→ Exercise instructions:
What is needed here is each entry reproduced exactly, without its pictures.

→ Data listing:
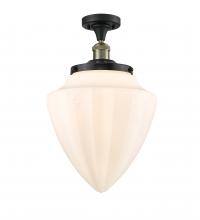 Innovations Lighting 517-1CH-BAB-G661-12 - Bullet - 1 Light - 12 inch - Black Antique Brass - Semi-Flush Mount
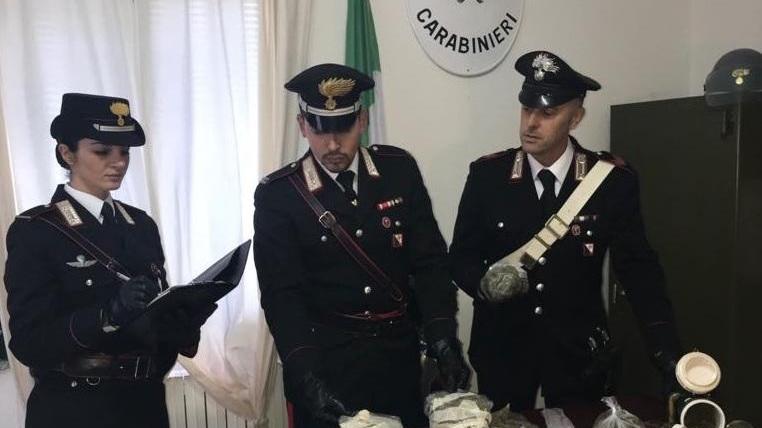 La droga sequestrata dai carabinieri a Santa Teresa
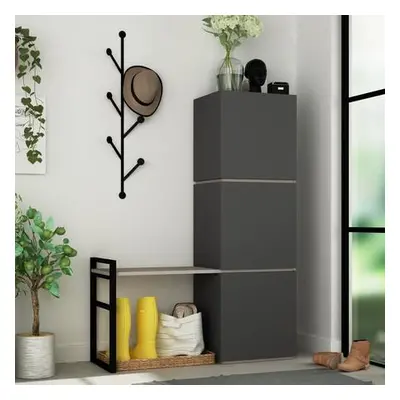 Hanah Home Shoe Cabinet Mello - Anthracite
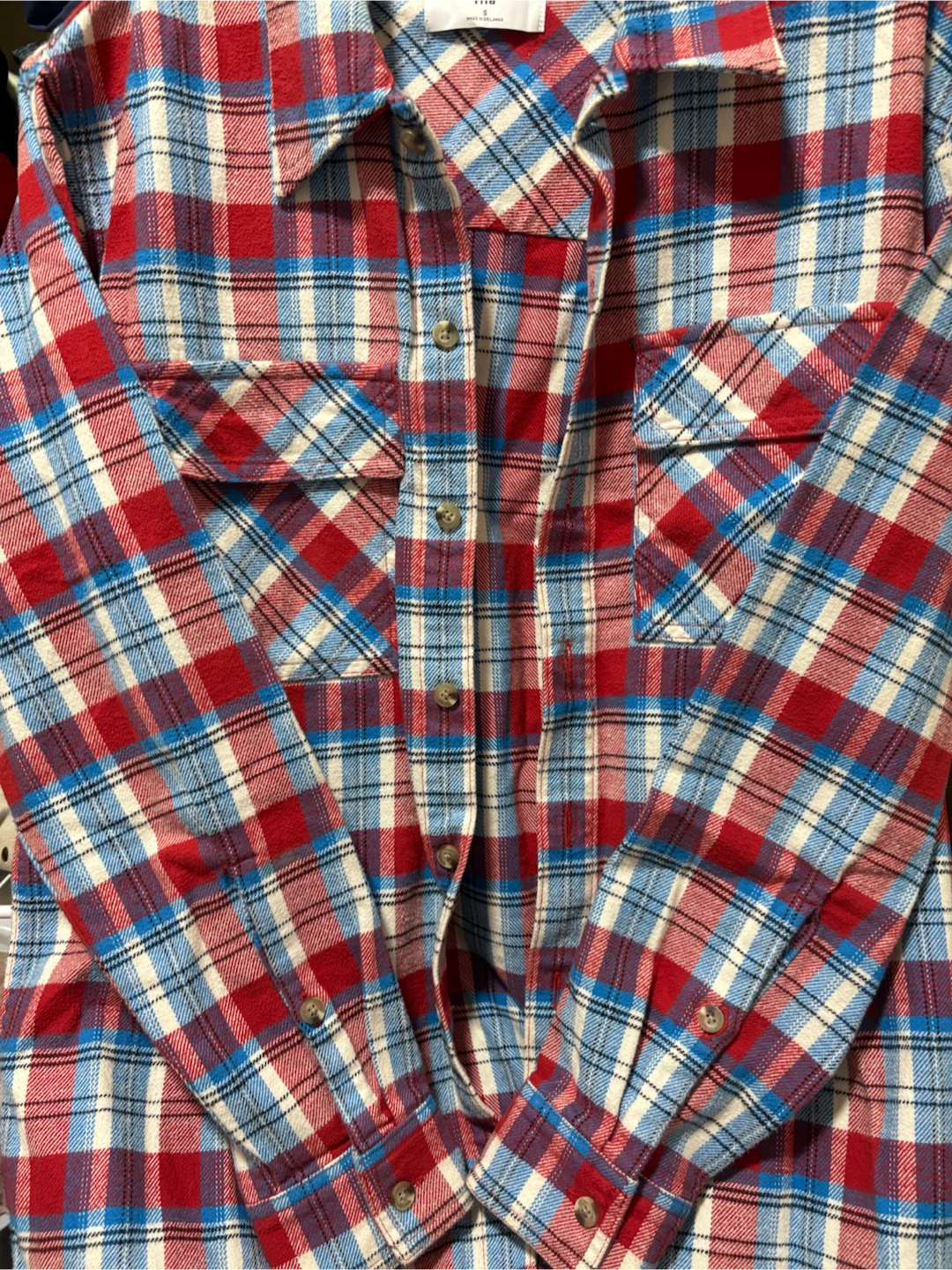 Tna Plaid Flannel Shirt - photo 2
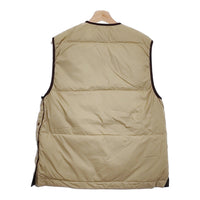 varde77 新品 GO OUT PULLOVER DOWN VEST サイズ2 定価58080円 ダウンベスト ベージュ メンズ バルデセブンティセブン【中古】4-1103T♪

→ Exercise solution:
 Innovations Lighting 517-1CH-BAB-G661-12 - Bullet - 1 Light - 12 inch - Black Antique Brass - Semi-Flush Mount
 La droga sequestrata dai carabinieri a Santa Teresa
 Hanah Home Shoe Cabinet Mello - Anthracite
 Tna Plaid Flannel Shirt - photo 2
 varde77 新品 GO OUT PULLOVER DOWN VEST サイズ2 定価58080円 ダウンベスト ベージュ メンズ バルデセブンティセブン【中古】4-1103T♪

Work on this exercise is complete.